Apertus, the Open Source HD Movie Camera
osliving writes "This article takes a tour of the hardware and software behind the innovative Apertus, a real world open source project. Led by Oscar Spierenburg and a team of international developers, the project aims to produce 'an affordable community driven free software and open hardware cinematic HD camera for a professional production environment'."
Oh silly me, I read the summary as "Led by Oscar [winner Steven] Speilburg..."
Is open hardware really that big a problem? It's not like opening a Fab is cheap.
Didn't I read someplace that MPAA, in collusion with camera equipment manufacturers and the camera operators' unions, is looking to place patents on these devices so as to preclude competition?
Last time I checked, .mov was a container, not a CODEC.
A .mov file can use a lot of things. Quicktime 7 gives me PNG, JPEG, JPEG 2000, DV, DVCPro, Apple Pixlet, MPEG-4 and H.264 as video CODEC options. Older Quicktime versions would have offered me older CODECs too.
And what's JP4? Never heard of it. I sure hope they don't mean their camera runs on jet fuel.
Unfortunately, while the camera will have some interesting features and can do some things well, it will be hampered by an interface that only a CS grad student could decipher. Further development on future models will come to a standstill as the developers engage in fierce, unyielding debates about minutia. Eventually the camera will be forked into four different projects, with only one making it to market and carrying the same flaws as the first.

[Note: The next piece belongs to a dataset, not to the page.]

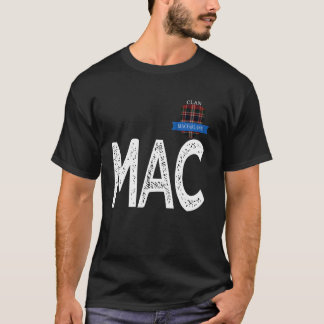 Clan Macfarlane M and A and C Family Matching T-Shirt
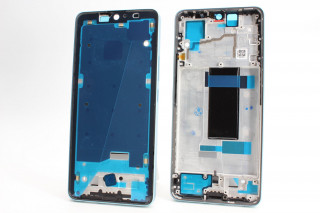 Рамка дисплея Xiaomi Poco X6 5G синий (голубой), оригинал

Reading through the article, I'm loving just about everything about this camera, except the most important part of all...the sensor, which is absolutely tiny. Forget about a camera for cinema, with a sensor that size you're going to be struggling to get it not to look like a webcam video. Looking at the company that makes the actual camera element, though, it looks like they also sell a model with a more reasonably sized sensor, but it can only do 5fps. If they really want to pass this thing off as a motion picture camera, they need to find a solution that will give them a big sensor at a respectable frame rate. Hopefully that will be possible in the near future, because the rest of this project looks downright awesome.
I never understood all the hate towards open source by trolls here on Slashdot. Like anything, the way the open source community operates has flaws just like any other community....but what about it butthurts people so badly that they have to troll about it?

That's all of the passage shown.